• **DATA LISTING**
-- Opening Marker --
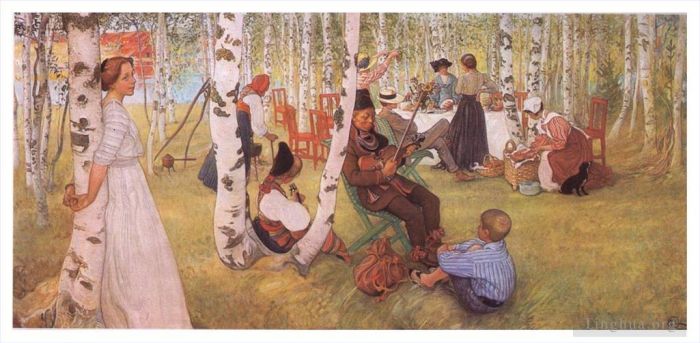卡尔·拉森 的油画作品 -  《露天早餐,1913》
-- Closing Marker --
-- Opening Marker --
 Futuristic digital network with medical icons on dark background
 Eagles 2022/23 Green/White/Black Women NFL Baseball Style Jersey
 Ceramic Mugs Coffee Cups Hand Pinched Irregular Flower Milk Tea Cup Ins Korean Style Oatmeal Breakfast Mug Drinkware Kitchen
-- Closing Marker --
• **DIRECTIONS FOR THIS TASK**
Leave out every line above except those from the line with "Futuristic digital network" up to and including the line with "Ceramic Mugs Coffee", and copy those exactly.

• **ANSWER TO THIS PROBLEM**
 Futuristic digital network with medical icons on dark background
 Eagles 2022/23 Green/White/Black Women NFL Baseball Style Jersey
 Ceramic Mugs Coffee Cups Hand Pinched Irregular Flower Milk Tea Cup Ins Korean Style Oatmeal Breakfast Mug Drinkware Kitchen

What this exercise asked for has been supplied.